La risposta di Elena Cattaneo, pubblicata oggi su Repubblica, parte dal presupposto che l’«ascolto» a cui dovrebbero essere disposti gli scienziati lei già lo pratica:

Ascolto gli agricoltori che lavorano nei campi per rifornire ogni giorno gli scaffali dei supermercati di più varietà e abbondanza di cibo di quanta i nostri nonni abbiano mai visto in tutta la loro vita, e si sentono accusare, per ragioni di marketing, dal jet set del biologico e del biodinamico di “inquinare il mondo” e di attentare alla salute dei consumatori. Facendo credere al contempo che i pesticidi “biologici”, come il rame, non inquinino.

Ascolto gli allevatori costretti a importare ogni anno migliaia di tonnellate di mais e soia Ogm (perfettamente sicuri per uomo e ambiente, secondo i dati scientifici disponibili) prodotti all’estero, per fornire la materia prima per i prestigiosi salumi e formaggi Dop del Made in Italy. Commodities Ogm, di cui una legge ipocrita vieta la coltivazione ma non l’importazione, e di cui la nostra filiera agroalimentare non può fare a meno, pena la paralisi. Alla faccia del Paese dichiarato “Ogm free” dallo scorso ministro delle politiche agricole.

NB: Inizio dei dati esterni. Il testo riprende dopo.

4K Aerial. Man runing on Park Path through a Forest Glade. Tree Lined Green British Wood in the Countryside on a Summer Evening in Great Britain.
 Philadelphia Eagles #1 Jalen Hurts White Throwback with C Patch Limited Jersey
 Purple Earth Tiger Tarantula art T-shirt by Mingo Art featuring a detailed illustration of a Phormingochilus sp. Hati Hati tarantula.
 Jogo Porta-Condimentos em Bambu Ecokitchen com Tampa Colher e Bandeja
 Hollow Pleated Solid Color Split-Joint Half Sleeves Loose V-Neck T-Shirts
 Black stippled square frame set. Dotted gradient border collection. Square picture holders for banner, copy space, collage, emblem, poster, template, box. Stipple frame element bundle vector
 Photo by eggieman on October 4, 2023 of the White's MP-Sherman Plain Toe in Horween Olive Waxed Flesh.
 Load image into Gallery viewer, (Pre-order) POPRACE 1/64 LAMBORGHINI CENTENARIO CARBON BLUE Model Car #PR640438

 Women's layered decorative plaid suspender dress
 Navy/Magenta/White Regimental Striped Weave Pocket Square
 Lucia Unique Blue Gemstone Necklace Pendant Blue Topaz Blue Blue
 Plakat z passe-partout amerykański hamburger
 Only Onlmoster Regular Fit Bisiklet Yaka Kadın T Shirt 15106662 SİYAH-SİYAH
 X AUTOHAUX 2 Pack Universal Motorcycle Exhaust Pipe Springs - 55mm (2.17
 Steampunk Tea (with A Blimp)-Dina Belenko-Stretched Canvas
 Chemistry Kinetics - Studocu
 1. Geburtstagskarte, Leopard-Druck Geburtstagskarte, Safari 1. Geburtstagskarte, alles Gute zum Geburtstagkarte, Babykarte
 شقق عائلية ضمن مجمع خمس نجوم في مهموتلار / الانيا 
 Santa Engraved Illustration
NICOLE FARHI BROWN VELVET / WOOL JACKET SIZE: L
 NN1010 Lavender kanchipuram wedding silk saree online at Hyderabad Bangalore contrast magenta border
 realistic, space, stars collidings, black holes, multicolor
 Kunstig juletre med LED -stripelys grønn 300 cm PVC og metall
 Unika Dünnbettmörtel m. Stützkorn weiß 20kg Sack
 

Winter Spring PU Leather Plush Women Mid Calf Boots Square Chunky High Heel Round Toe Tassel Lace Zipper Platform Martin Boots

Ascolto gli studiosi dei nostri centri di ricerca, le cui ricerche su biotecnologie vegetali – che sarebbero in grado di ridurre o eliminare la necessità di cospargere i campi di pesticidi (biologici o di sintesi) e preservare la biodiversità – sono chiuse da anni nei cassetti. Un divieto di fatto, ma non di diritto, è infatti imposto alla ricerca pubblica da governi d’ogni colore, tutti d’accordo nel bloccare l’avanzamento della conoscenza scientifica in un settore in cui, invece, il Paese avrebbe un vitale bisogno di innovazione.

Ascolto gli imprenditori che vorrebbero puntare sull’efficienza della produzione agricola integrata, per poter produrre più cibo per ettaro, di qualità sempre migliore, in maniera sempre più sostenibile, ma invece si ritrovano, a causa di politiche di incentivi che rendono conveniente l’ “inerzia agricola” in nome dell’ “antico è bello”, a trasformarsi in “contabili di sussidi” stretti nella morsa della burocrazia dei certificati.

Ascolto gli oltre 100 professori del Politecnico di Milano che, mentre il mondo della ricerca italiana è sempre più in difficoltà per scarsità e incertezza di risorse, si ribellano nel veder ospitare nella loro autorevole istituzione scientifica la pseudoscienza biodinamica, genuflessa ai suoi “princìpi agricoli” che, oltre a utilizzare le pratiche proprie di ogni sana agricoltura (integrata o biologica), ha come specificità l’uso di preparati a base di fecondazione cosmica, vesciche di cervo e cornoletame (e il corno, precisiamolo, deve derivare “da una vacca che abbia figliato almeno una volta”). Colpisce anche che l’agricoltura biologica senta di dovere andare a braccetto con le pratiche esoteriche.

E infine ecco la chiusa, a cui domani risponderà Serra:

Queste sono le persone che io ascolto con umiltà e rispetto, queste sono le voci che non trovano nessuno spazio nelle narrazioni bucoliche ed elitarie prevalenti nel mainstream giornalistico. Spiace osservare come questo approccio sia vissuto come un “attacco” da “professionisti della narrazione” che si pongono, in altri settori, come alfieri della lotta alle fake news, ma poi tacciono sul fatto, ad oggi scientificamente incontrovertibile, che non è l’agricoltura biologica (né tanto meno la biodinamica) la via per la sostenibilità: se dovessimo tutti nutrirci di biologico, considerate le basse rese, dovremmo disboscare un altro pezzo di mondo, e ancora non basterebbe.

Ecco, sarebbe bello se, su un giornale “umile, resiliente e disposto all’ascolto” come Repubblica, si potesse leggere la testimonianza di qualche imprenditore agricolo che deve confrontarsi con la resa di prodotto per ettaro, coi parassiti e con le erbe infestanti, o una franca analisi della bilancia agroalimentare di un comparto che da decenni non innova, e promuovere un dibattito sulla sostenibilità dell’agricoltura e su tutte le tecnologie che possano aiutare a raggiungerla. Un dibattito nuovo, finalmente basato su dati e fatti scientifici verificati e su un approccio non ideologico.